START Recorded information

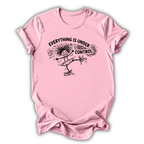Everything Is Under Control T-Shirt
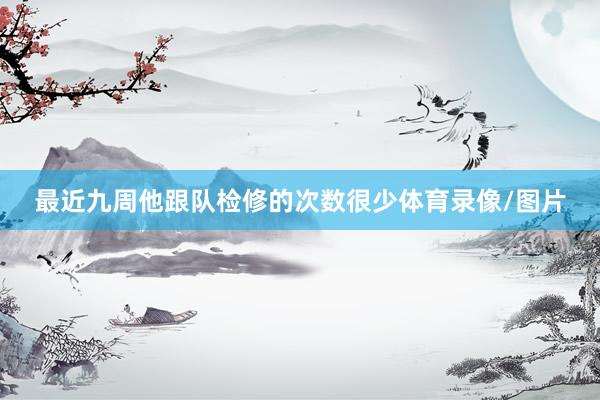 最近九周他跟队检修的次数很少体育录像/图片
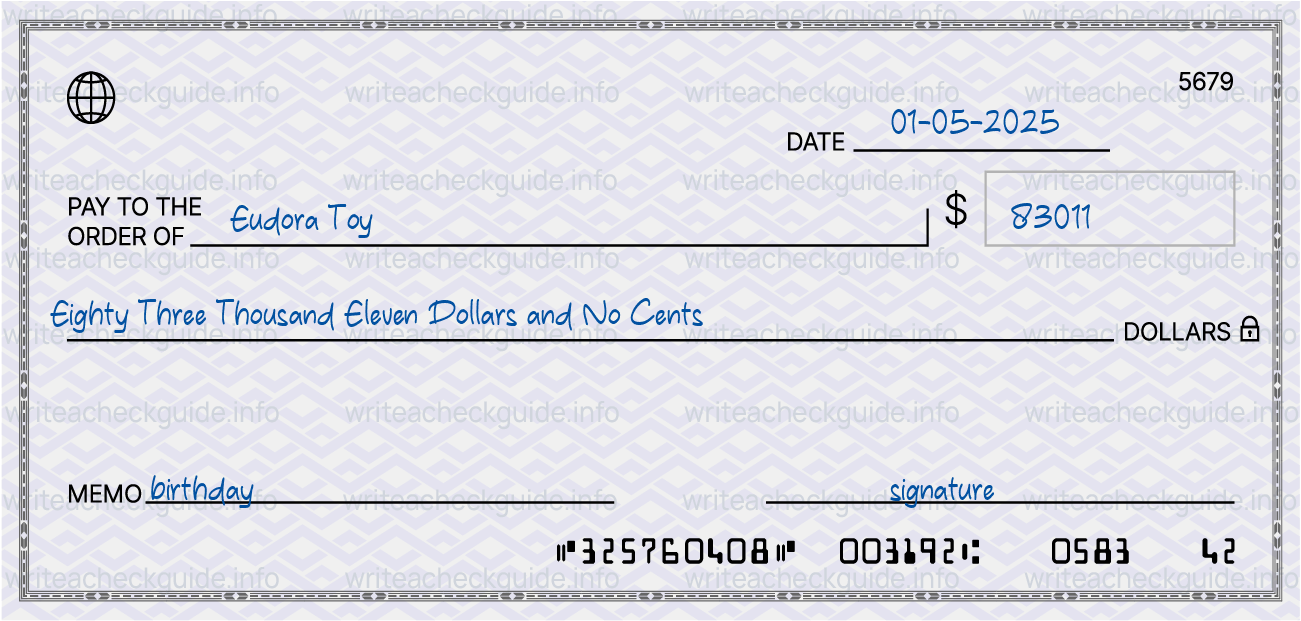 Filled check for 83011 dollars payable to Eudora Toy on 01-05-2025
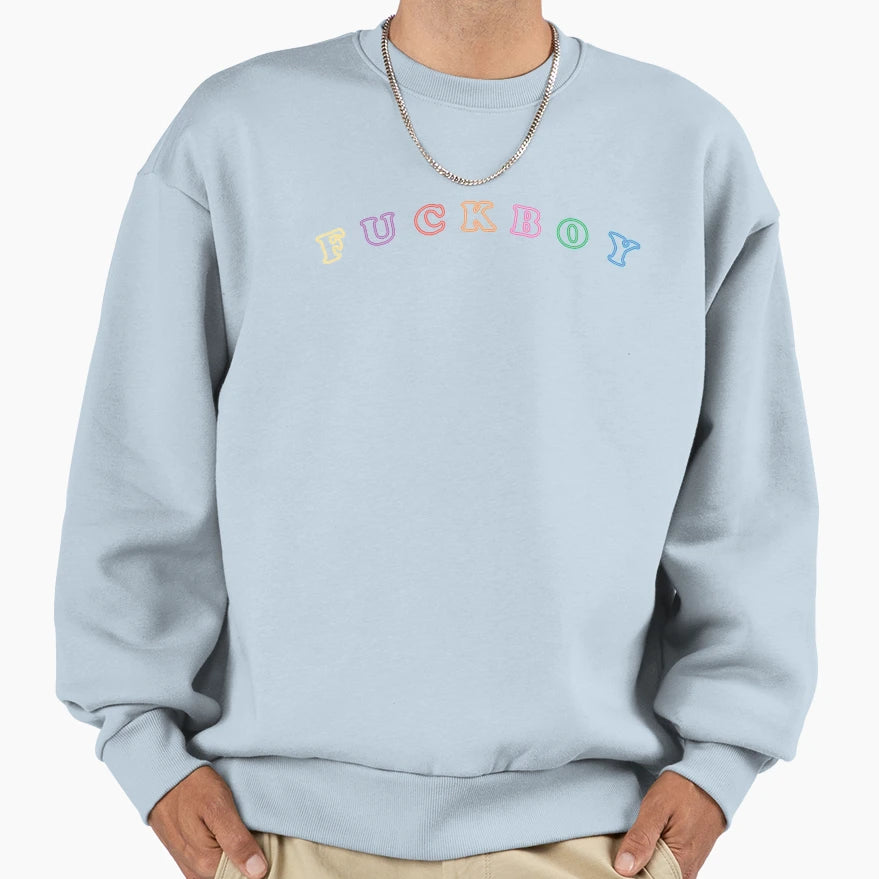 Fuckboy Sweatshirt - Streetwear Style Men Women - T-Shirt, Sweatshirt, Hoodie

END Recorded information

- _What you should do_
Each line above must be repeated exactly in the answer, with pictures omitted.

- _Written response_
Everything Is Under Control T-Shirt
 最近九周他跟队检修的次数很少体育录像/图片
 Filled check for 83011 dollars payable to Eudora Toy on 01-05-2025
 Fuckboy Sweatshirt - Streetwear Style Men Women - T-Shirt, Sweatshirt, Hoodie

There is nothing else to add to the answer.